I talked with a couple of them that had put pants on their Alpacas... they said it took a couple of people to "dress" their Alpacas! I can't imagine what it would take to get pants on a llama! :slapfloor:


----------



## harmonygoats

those are cute pictures. Hmm, glasses sun or regular? With sunglasses a hawaiin shirt and skirt unless you can get shorts on it, and a straw hat? A summer tourist. Regular glasses, bookworm?(material that looks like a book shelf or get a bunch of books from yardsales and glue the spines onto material.


----------



## toth boer goats

Love the pics.....Cinder......they are so cute..........thanks for sharing.......  :wink: :greengrin:


----------



## sparks879

I love themed costumes, original costumes. One of my favorite events at fair is to judge the costume classes. 
I like it when they have two animals involved.
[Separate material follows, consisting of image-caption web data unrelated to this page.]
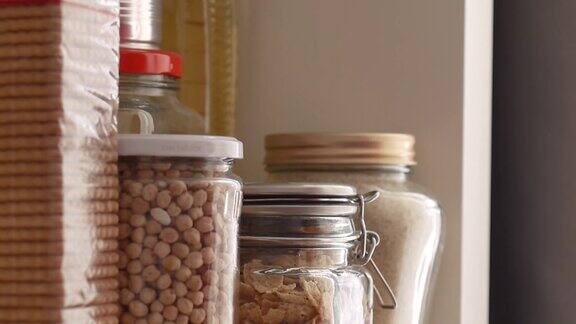 一个男人从食品储藏室的架子上取下或放置装满豆类的玻璃瓶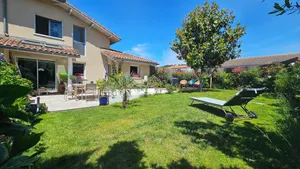 Image of Family home with garden close to ocean and forest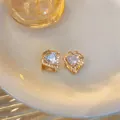 Detailaufnahme eleganter herzförmiger Ohrringe in Gold mit funkelnden Zirkonias - Gold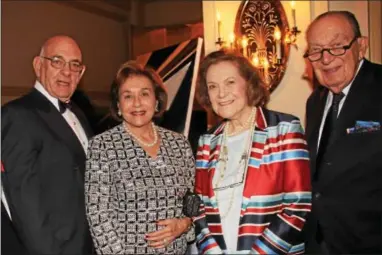  ??  ?? Dick and Lois Frieder of Elkins Park head off to look for their seats with Janet Kardon of New York City and Harvey Hewit of Philadelph­ia.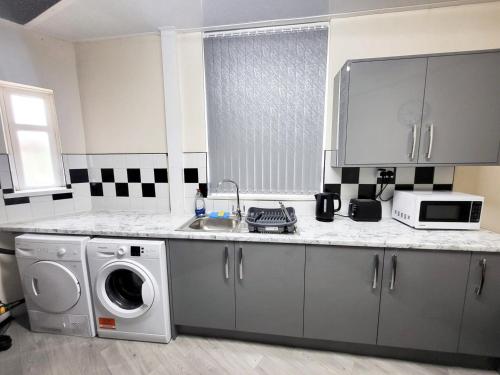 a kitchen with a washing machine and a microwave at Stay Sleep Rest - Oldham in Oldham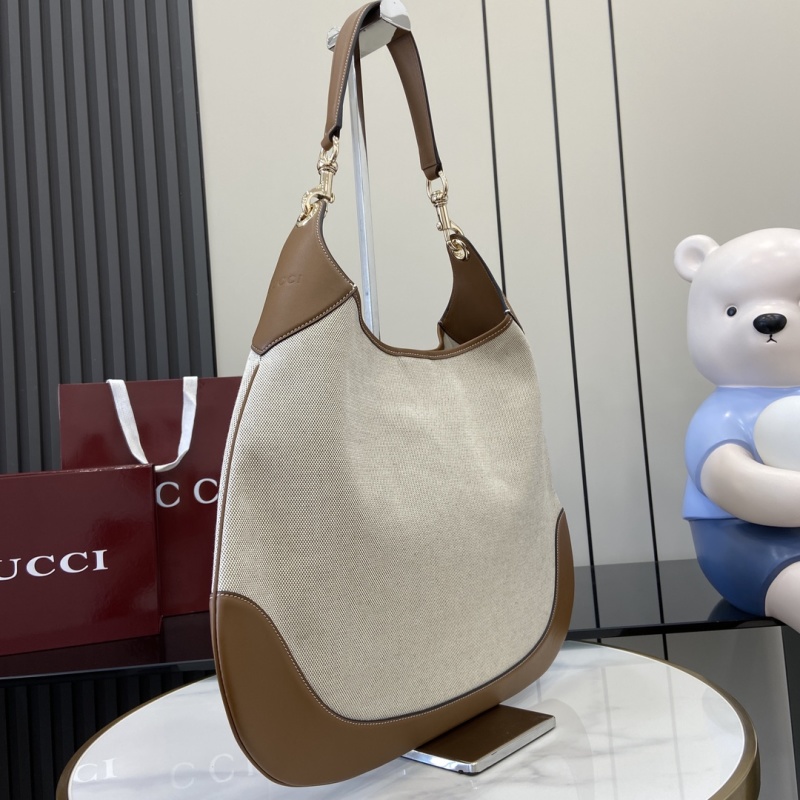 Сумка Gucci из канвы с кожаной отделкой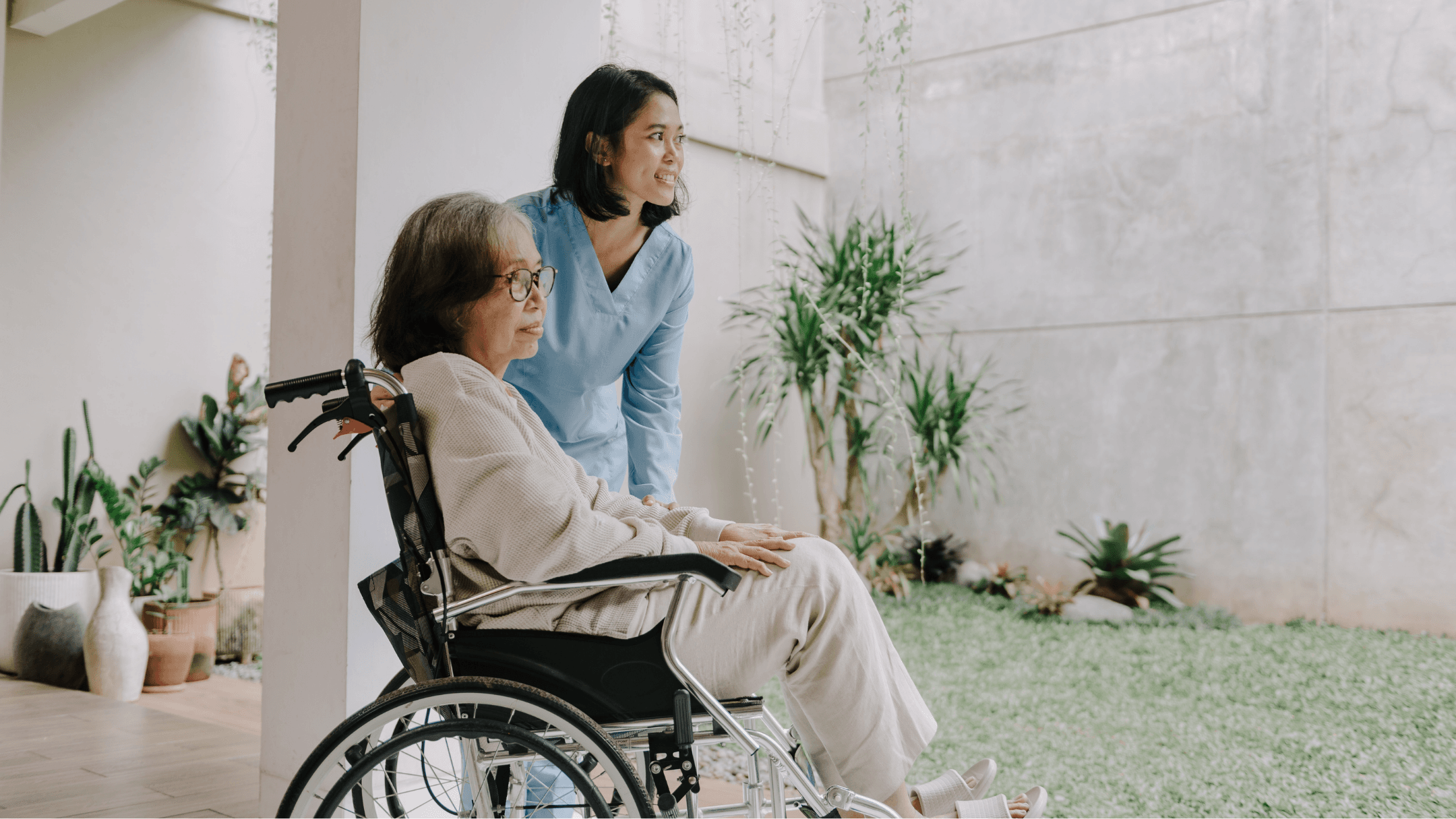 A caregiver with a senior woman in a wheelchair beside a bright garden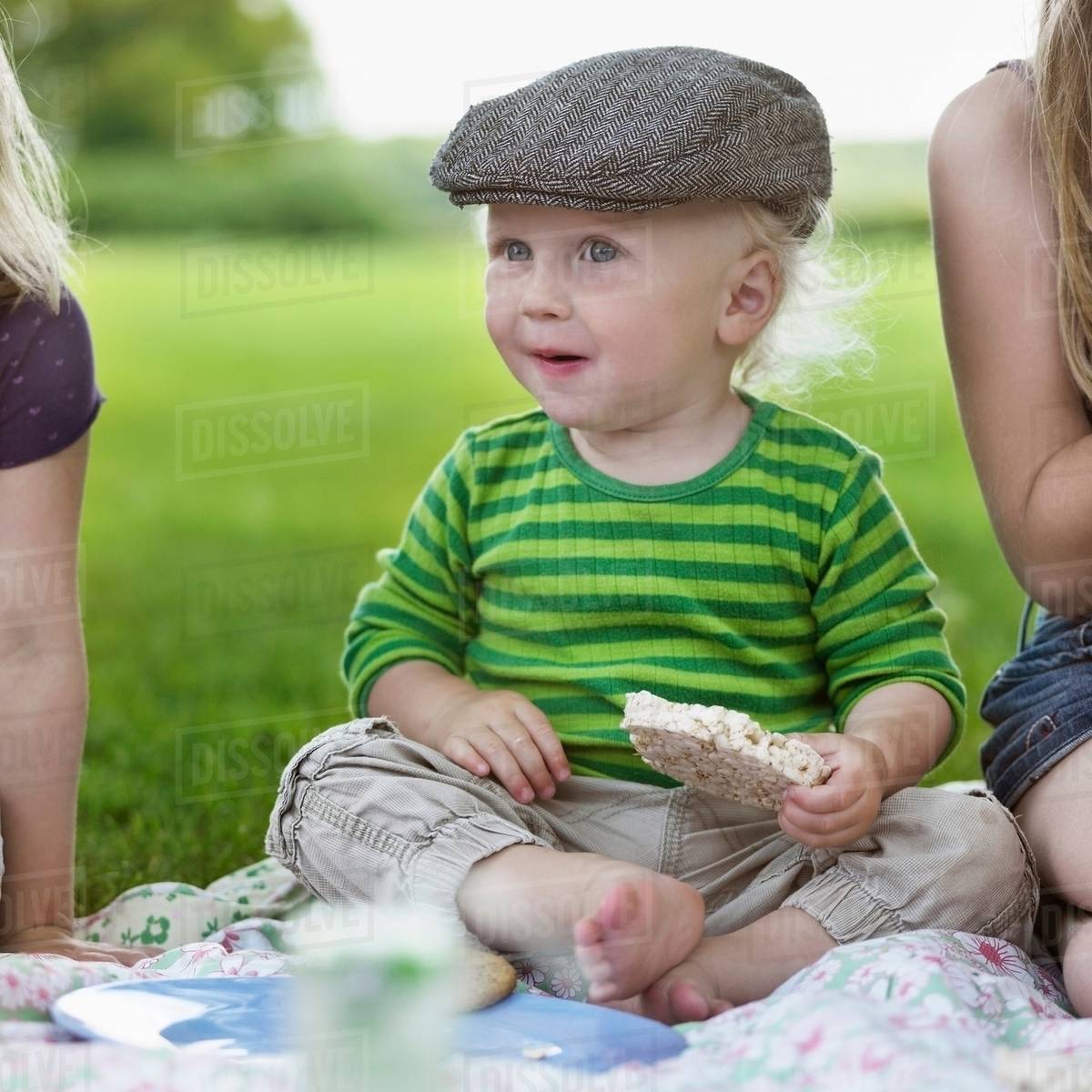 Boy eating rice cake at picnic Stock Photo Dissolve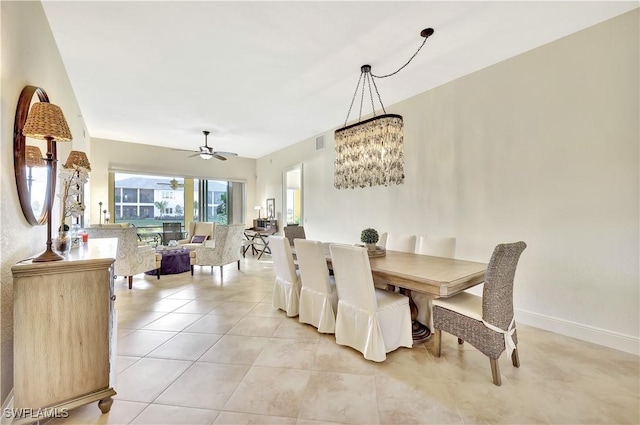 dining space with light tile patterned flooring and ceiling fan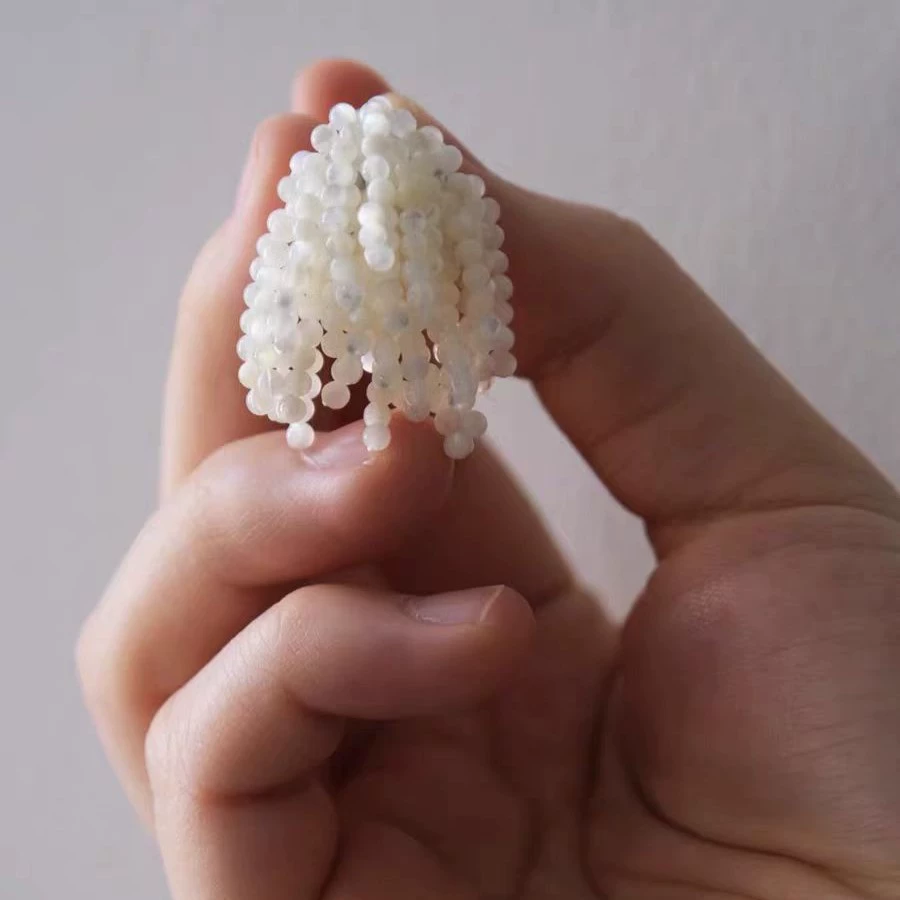 And Luxurious White Moon Tassel Earrings gallery 3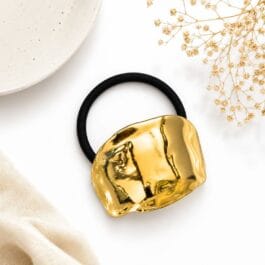 Gold tone hammered metal hair tie with black elastic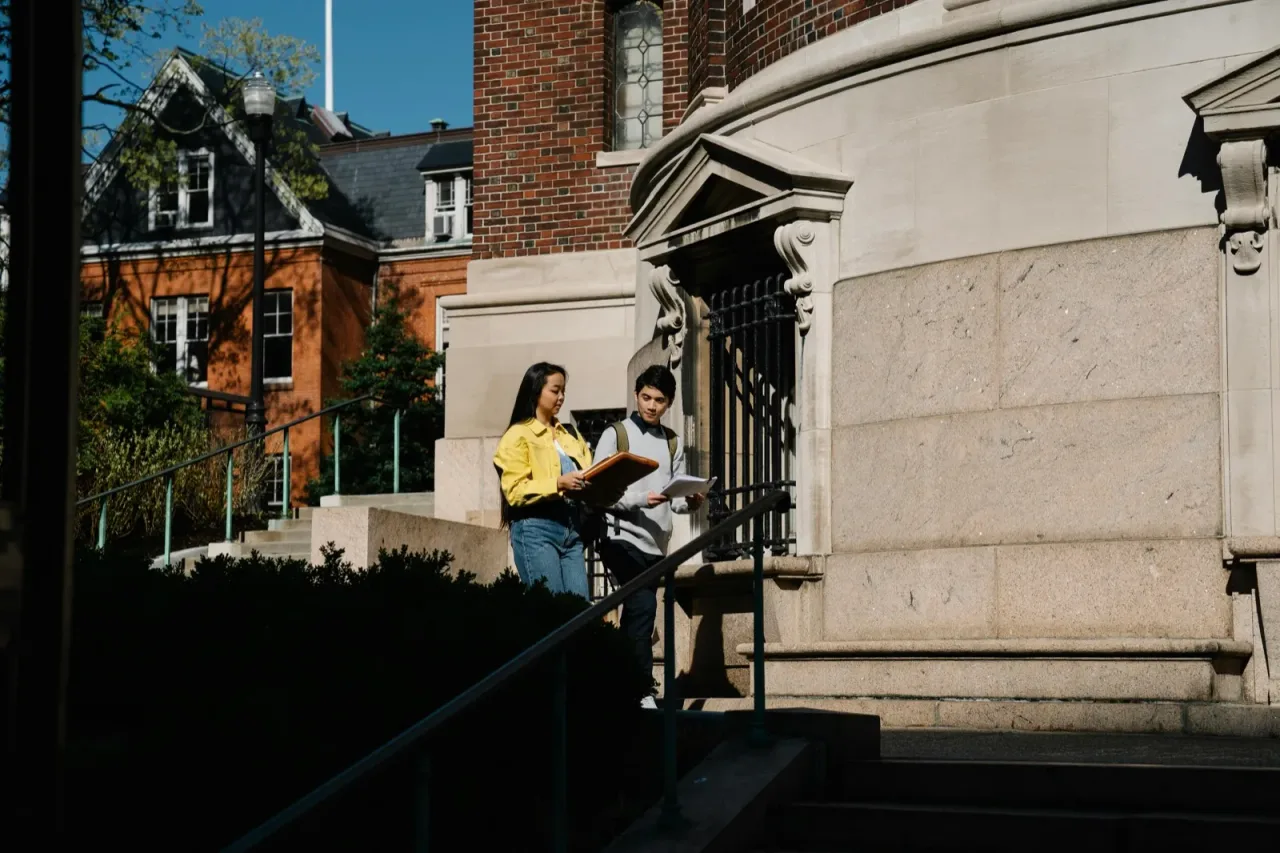 Two college students sitting on campus steps reading together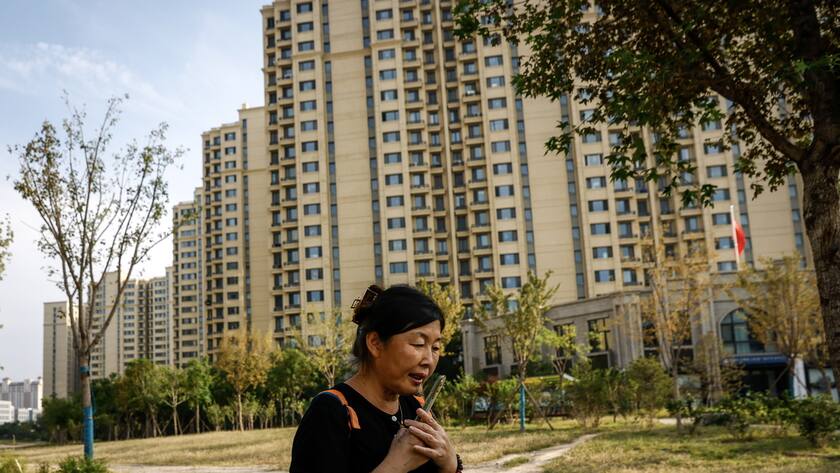 Chinesischer Baukonzern Evergrande muss liquidiert werden epa10882088 A woman uses her phone outside an Evergrande Royal Scenery housing complex in Beijing, China, 25 September 2023. China Evergrande shares went down 25 percent after it announced a delay in its debt restructuring plan. Evergrande is in the center of a real estate market crisis threatening the world's second largest economy. EPA/MARK R. CRISTINO
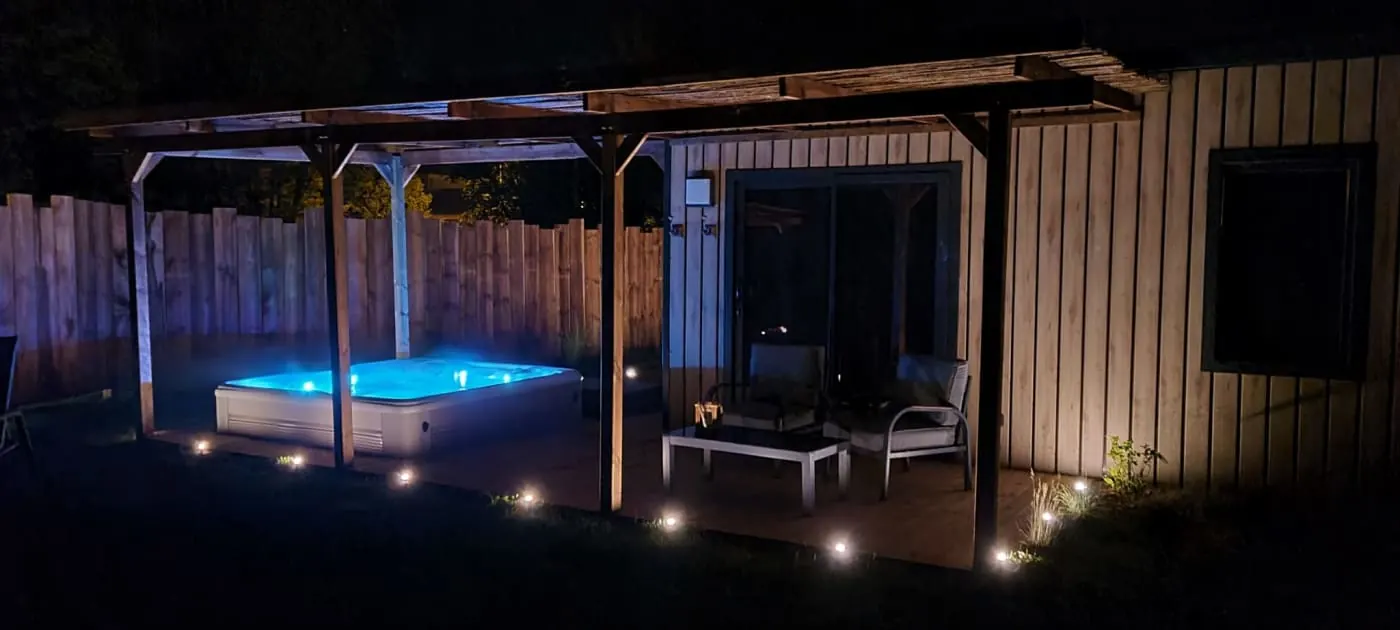 Jacuzzi privatif et cottage éclairés dans la nuit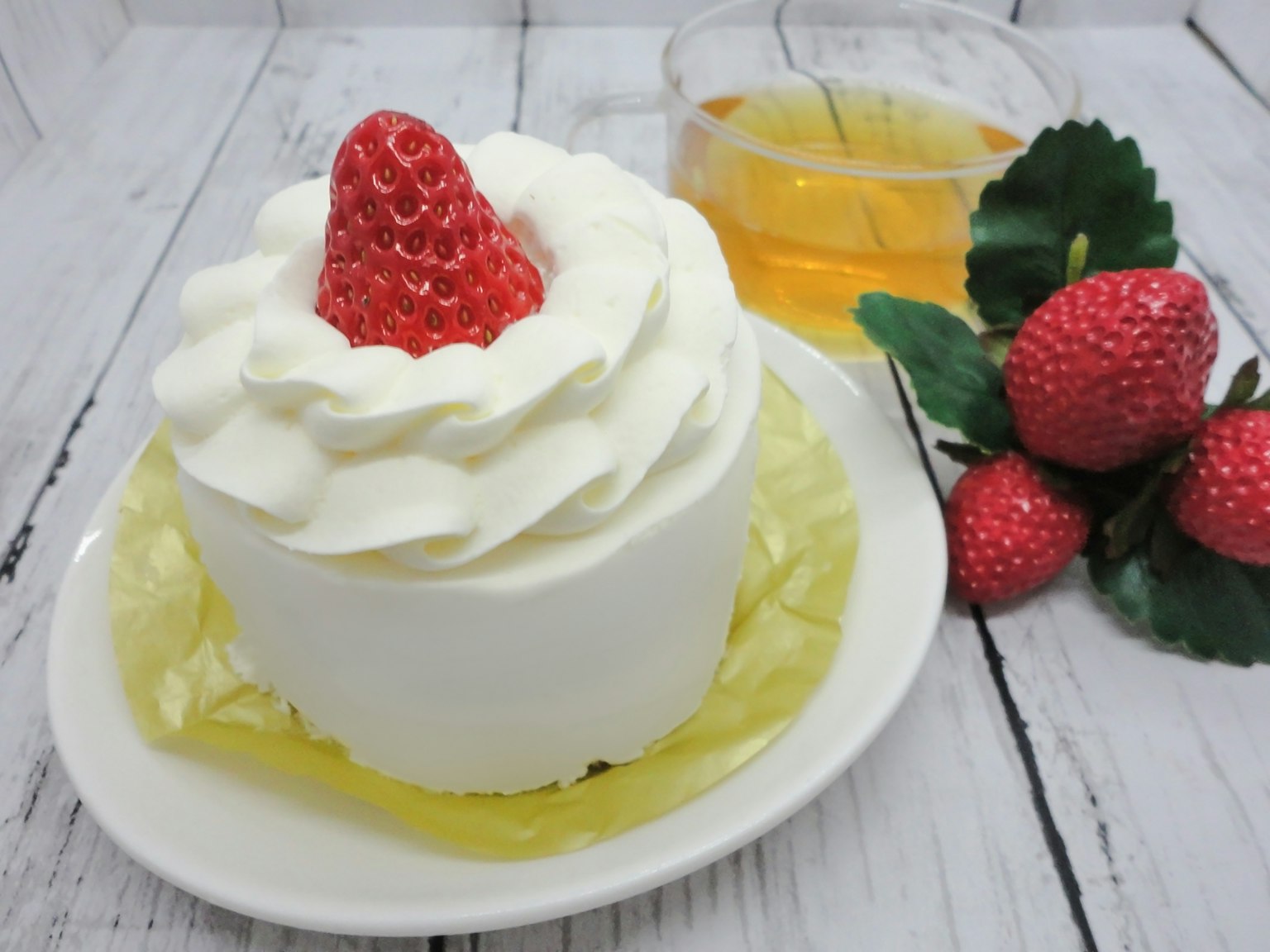 Pastel de crema de fresa en un plato con té y fresas frescas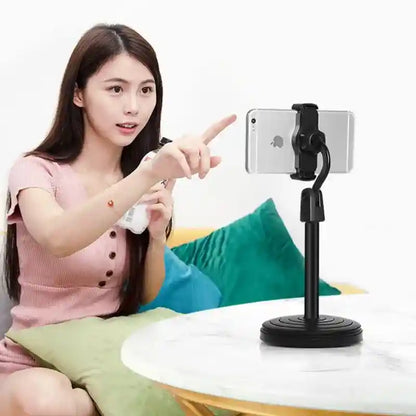 Woman pointing at a smartphone holder on a table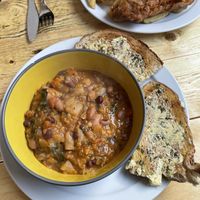 Casserole and garlic sourdough  at Pyramid Vegan Cafe & Bakery in Glastonbury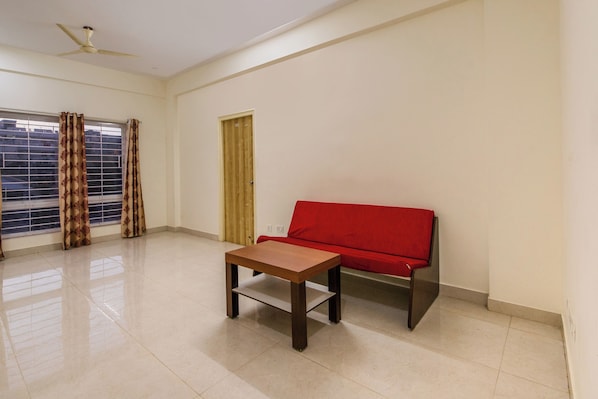 Quarto com sofá vermelho, mesa de madeira, ventilador de teto e janela com cortinas.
A bee and a flower, a which and a broom, a matador and his bull.
Saw the cutest costume and the puyallup state fair a few years ago, the kids and taken giant cardboard circles wrapped in tin foil, and put one on each side of three different sheep. Each had a sign on them that read ram, a-lamb, a ding dong.
beth


----------



## Coraxfeather

We took our llama joe and wraped red ribbon around his neck and then put a silver hat on his head and the a person had on satana claus outfit. Made him the north pole. We also had present on his back.


----------



## sweetgoats

Cinder, those pictures look like they were taken at the National Western Stock show complex. Is that correct?


----------



## Cinder

sweetgoats asked:


> Cinder, those pictures look like they were taken at the National Western Stock show complex. Is that correct?


Your good... you've obviously spent some time there!


----------



## Dreamchaser

You could always do a clown. I think it would be funny to see one wearing a wig.


----------